Страница:
57 из 860
Тут все та же непререкаемая уверенность, что этот «уродливый язык» – всего лишь жаргон определенного слоя – того самого, «вбетонированного в обывательщину» круга мелких стяжателей и мещан, который Зощенко сделал мишенью своей сатиры и по которой он бил нещадно «всем разнообразием своего оружия»:
…эти скудоумные, как явствует из зощенковских книг, прямо-таки обожают казенные, канцелярские фразы…
Кроме канцелярита, новомещанская речь богата, по наблюдениям Зощенко, дурно понятыми иностранными словами… Со смердяковским упоением они то и дело употребляют их совершенно некстати…
Алогизм, косноязычность, бессилие этого мещанского жаргона сказываются также, по наблюдениям Зощенко, в идиотических повторах одного и того же словечка, завязшего в убогих мозгах…
Там, где Чуковский мечет громы и молнии, где он способен только негодовать и изгаляться, Зощенко исполнен самого искреннего доброжелательства и даже восхищения. Зощенко убежден, что язык, который, по мнению Чуковского, способен передать лишь недомыслие и душевное уродство, может выразить и запечатлеть всю сложность жизни, самые разные и противоречивые ее проявления. Не только «глупость», «мещанство», «жульничество», но и «настоящую трагедию, незаурядный ум, наивное добродушие… энтузиазм».

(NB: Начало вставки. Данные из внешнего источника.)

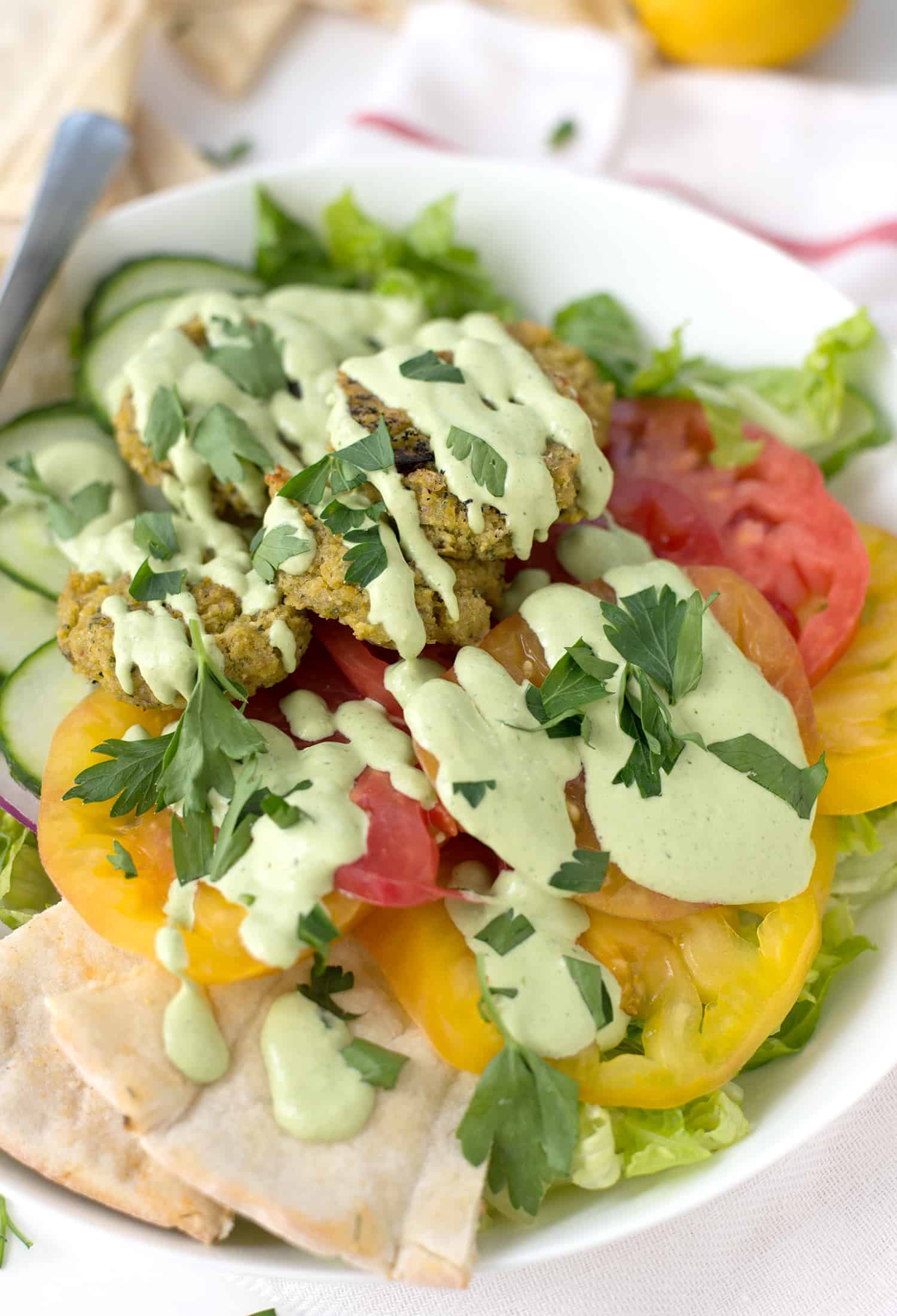 Falafel Salad With Tahini Parsley Dressing! Crispy Vegan Falafel Patties On Top Of Salad With Tahini Parsley Dressing. | Www.delishknowledge.com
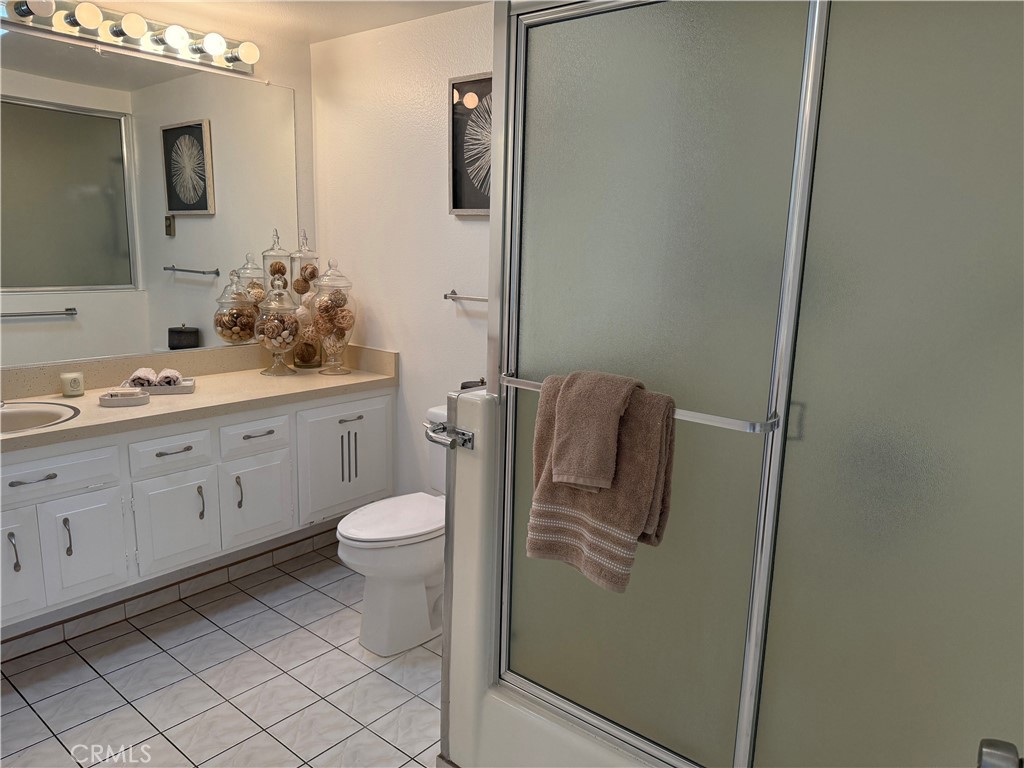 1670 Interlachen Road Seal Beach, CA 90740 - Photo 13 of 23 a bathroom with a toilet sink and mirror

В убогой, беспомощной, жалкой и косноязычной речи своего героя 3ощенко открыл поистине золотоносную жилу новой художественной выразительности. «Вывихи синтаксиса», «опухоли словаря» и «идиотические повторы» действительно являются важными структурными особенностями этой новой художественной речи. В сущности, из них-то в конечном счете и складывается ее поэтика. Язык потомков капитана Лебядкина Зощенко, в отличие от Чуковского, никогда не назвал бы бессильным.